このことを行なえばよいと助言したのが、モアブ本人だったのです。彼は自分の家に帰ったけれども戻ってきました。モーセはこう言っています。「ああ、この女たちはバラムの事件(助言)のおり、ペオルの事件に関連してイスラエル人をそそのかして、主に対する不実を行なわせた。それで神罰が主の会衆の上に下ったのだ。(31:16)」イエス様ご自身も、ペルガモにある教会に対して語られた時にバラムのことを話しておられます。「バラムはバラクに教えて、イスラエルの人々の前に、つまずきの石を置き、偶像の神にささげた物を食べさせ、また不品行を行なわせた。(黙示2:14)」
確かにバラムは、「正しい人が死ぬように死にたい」と言いました。彼はそう願いました。けれども、彼には迷いがあったのです。その迷いによって、ついに彼は道を踏み外し、イスラエルに対して最もやってはいけないことをしでかしたのです。ユダは手紙の中で偽教師らのことを話していたときに、「彼らは、・・・利益のためにバラムの迷いに陥り(11節)」と言いました。
1C 富
彼は、富に迷いました。ヤハウェなる主から言われることを、私は伺いますと言いながら、バラクの使者からの金銀に目が眩みました。「彼らといっしょに行ってはならない。」と神は言われたのに、バラムは行きたくて仕方がなかったのです。結局、自分の心の中では行くことに決めていました。それで主は、「行きなさい」と言われました。けれども、それは命令ではなく、むしろ「あなたが決めたとおりにしなさい。」という意味でした。それで神は、抜き身の剣を持つ使いを遣わし、そしてろばの口を開かせて、その愚かさを明らかにされたのです。このことについて、使徒ペテロはこう言っています。偽教師について話しているときにこう言っています。「彼らは正しい道を捨ててさまよっています。不義の報酬を愛したベオルの子バラムの道に従ったのです。しかし、バラムは自分の罪をとがめられました。ものを言うことのないろばが、人間の声でものを言い、この預言者の気違いざたをはばんだのです。(2ペテロ2:15-16)」
2C つまずき
そして彼は、イスラエルをつまずかせるという邪悪な助言を行ないました。イスラエルを呪おうとしても、決して呪うことはできません。神がイスラエルを祝福すると決めておられるからです。けれども、イスラエル人たち本人が神罰を招くようなことを行なったらどうなるのか?バラムはよく知っていたのです。それで、つまずきとなるもの、具体的には女を宿営に送り込ませたのです。
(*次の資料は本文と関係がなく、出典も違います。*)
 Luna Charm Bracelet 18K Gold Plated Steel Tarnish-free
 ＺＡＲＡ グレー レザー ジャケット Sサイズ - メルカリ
私たちキリスト教会は、何によって弱くなることができるでしょうか?外部の反対がある時でしょうか?未信者の人から悪く言われる時でしょうか?いいえ、教会が弱体化するのは、教会の中で神の悲しまれることを行うことです。ですから悪魔は虎視眈々と、私たち自身が罪を犯し、私たち自身が神の悲しまれることを行うように、私たちを誘惑するのです。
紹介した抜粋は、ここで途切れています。